## ACTIVITY
Only the stretch below from the line holding "Volks-Zeitung on Jun 11, 1895" through the line holding "VT Cosmetics Vitamin" should be restated, word for word and with both ends included; pictures stay out.

## RECORDS PROVIDED
============

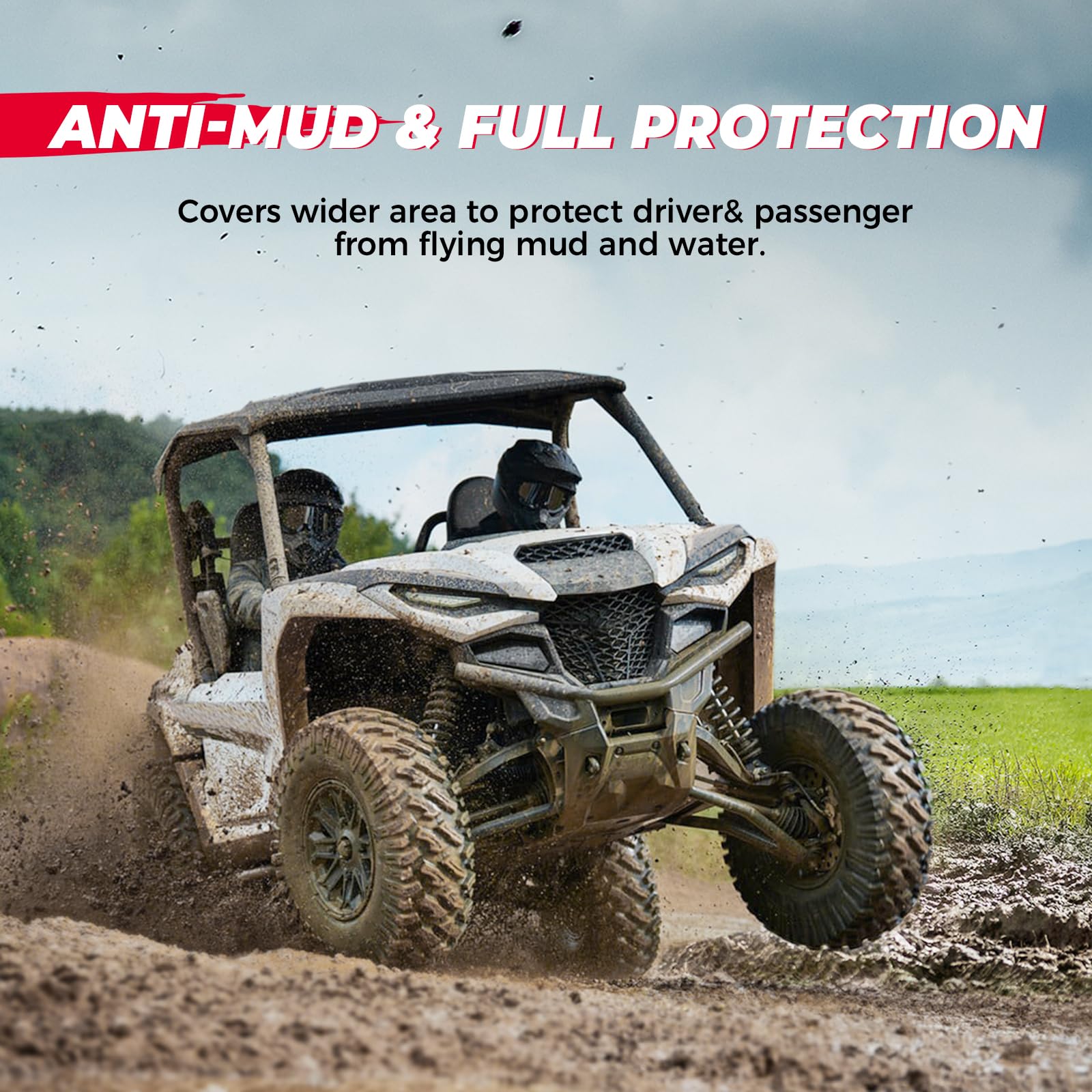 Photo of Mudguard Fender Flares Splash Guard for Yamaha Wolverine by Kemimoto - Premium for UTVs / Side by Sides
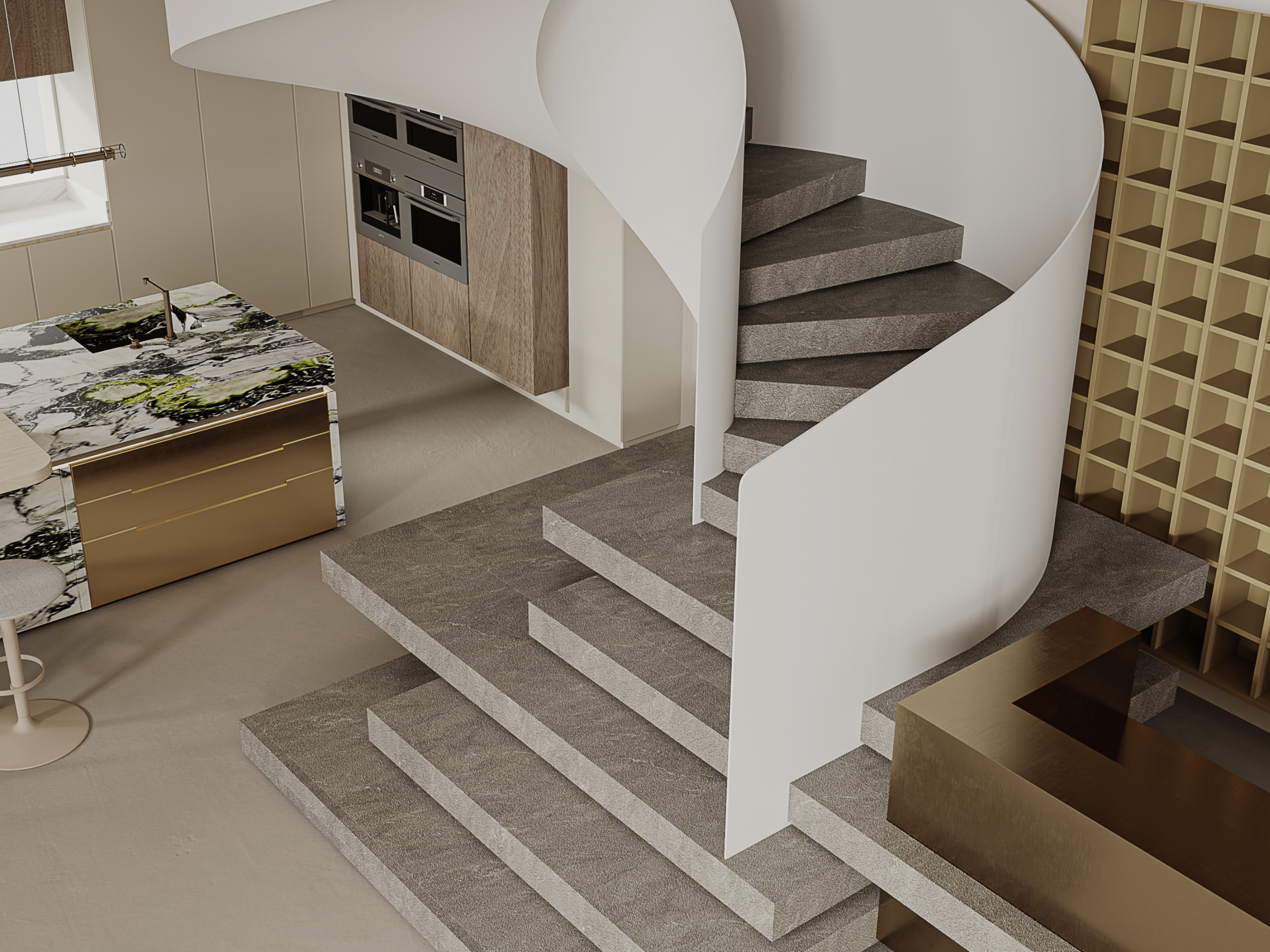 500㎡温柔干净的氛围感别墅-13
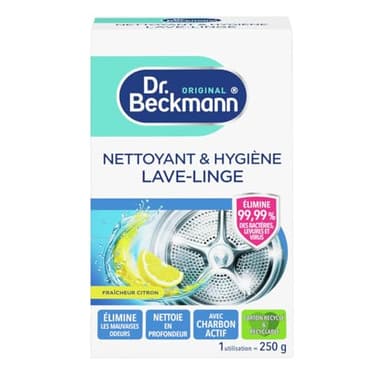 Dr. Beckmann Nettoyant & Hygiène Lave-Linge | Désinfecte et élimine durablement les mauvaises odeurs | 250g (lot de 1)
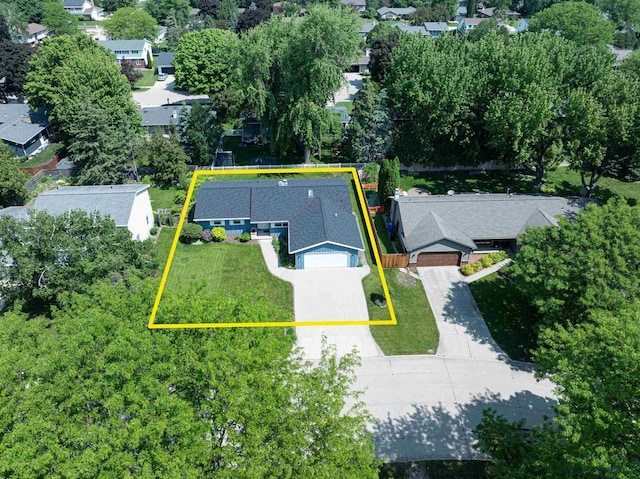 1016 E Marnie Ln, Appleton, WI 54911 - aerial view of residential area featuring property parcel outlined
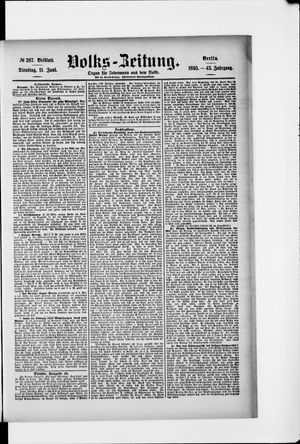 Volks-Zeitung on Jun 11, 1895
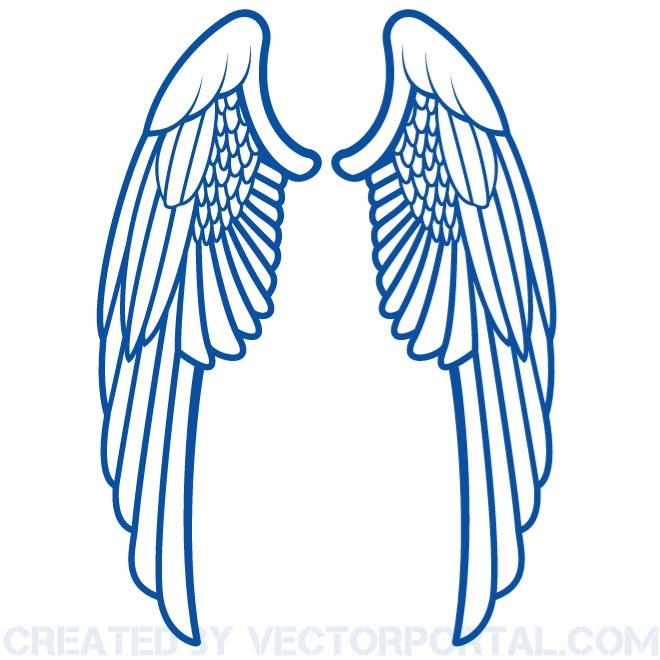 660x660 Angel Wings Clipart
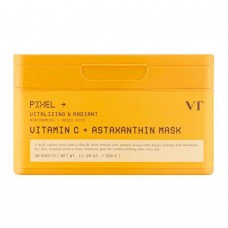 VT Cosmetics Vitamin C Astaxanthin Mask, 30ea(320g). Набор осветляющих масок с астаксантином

============

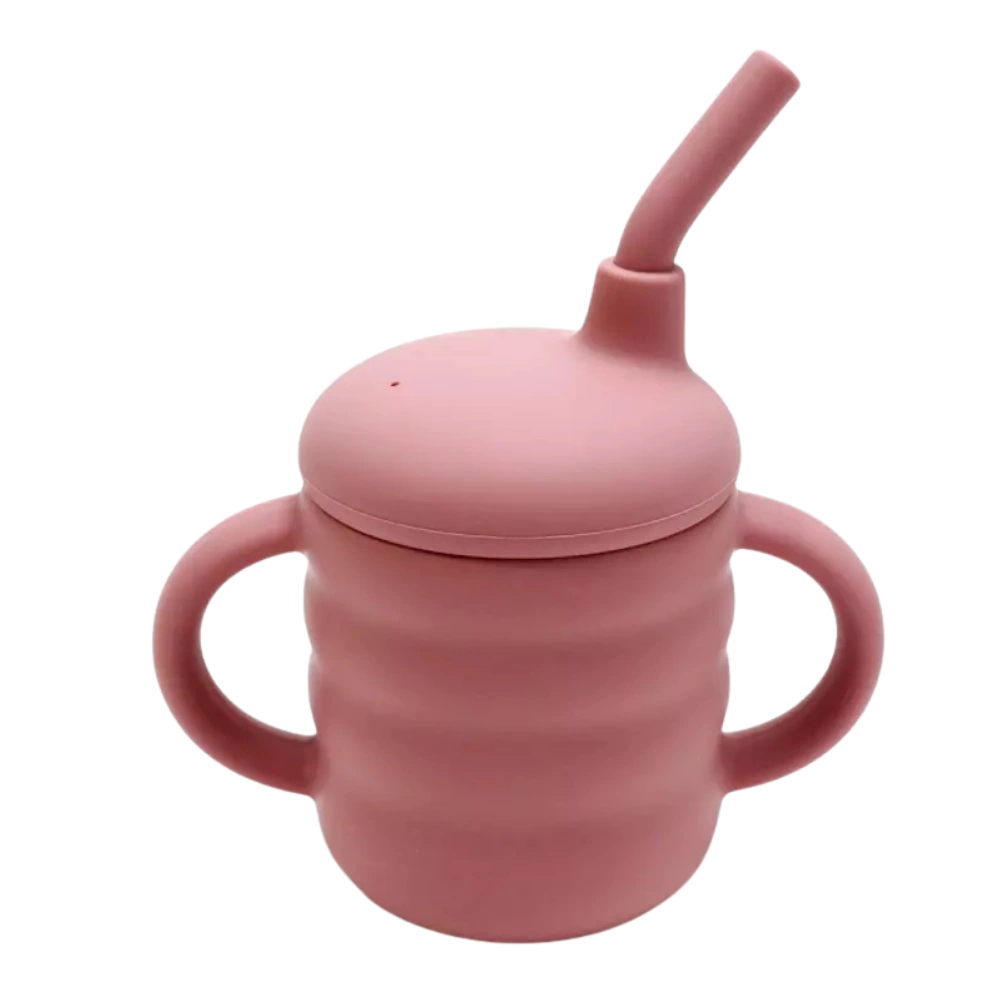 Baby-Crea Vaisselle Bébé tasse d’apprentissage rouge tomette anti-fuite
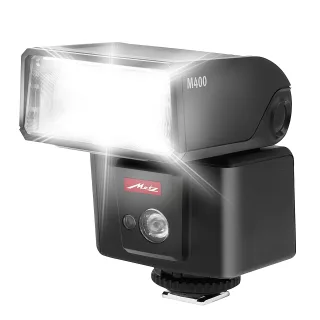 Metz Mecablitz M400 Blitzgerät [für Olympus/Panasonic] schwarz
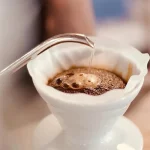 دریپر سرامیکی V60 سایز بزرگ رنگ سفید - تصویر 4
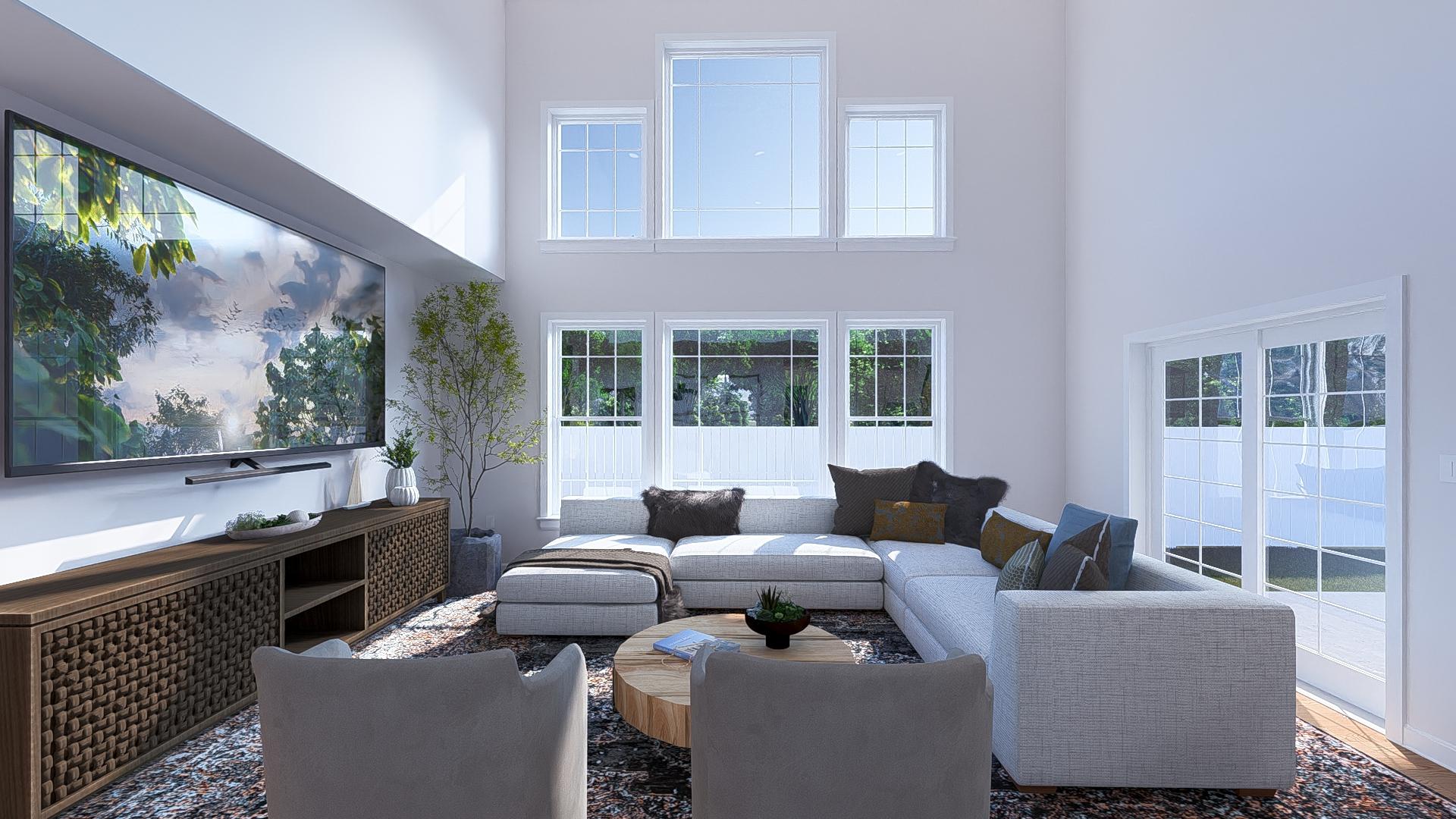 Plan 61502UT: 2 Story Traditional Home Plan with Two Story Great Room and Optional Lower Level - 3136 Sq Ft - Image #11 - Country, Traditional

============

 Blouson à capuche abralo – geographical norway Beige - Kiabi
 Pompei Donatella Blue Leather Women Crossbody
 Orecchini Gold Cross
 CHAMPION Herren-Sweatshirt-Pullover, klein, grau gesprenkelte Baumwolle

============

## RESULT
 Volks-Zeitung on Jun 11, 1895
 660x660 Angel Wings Clipart
 VT Cosmetics Vitamin C Astaxanthin Mask, 30ea(320g). Набор осветляющих масок с астаксантином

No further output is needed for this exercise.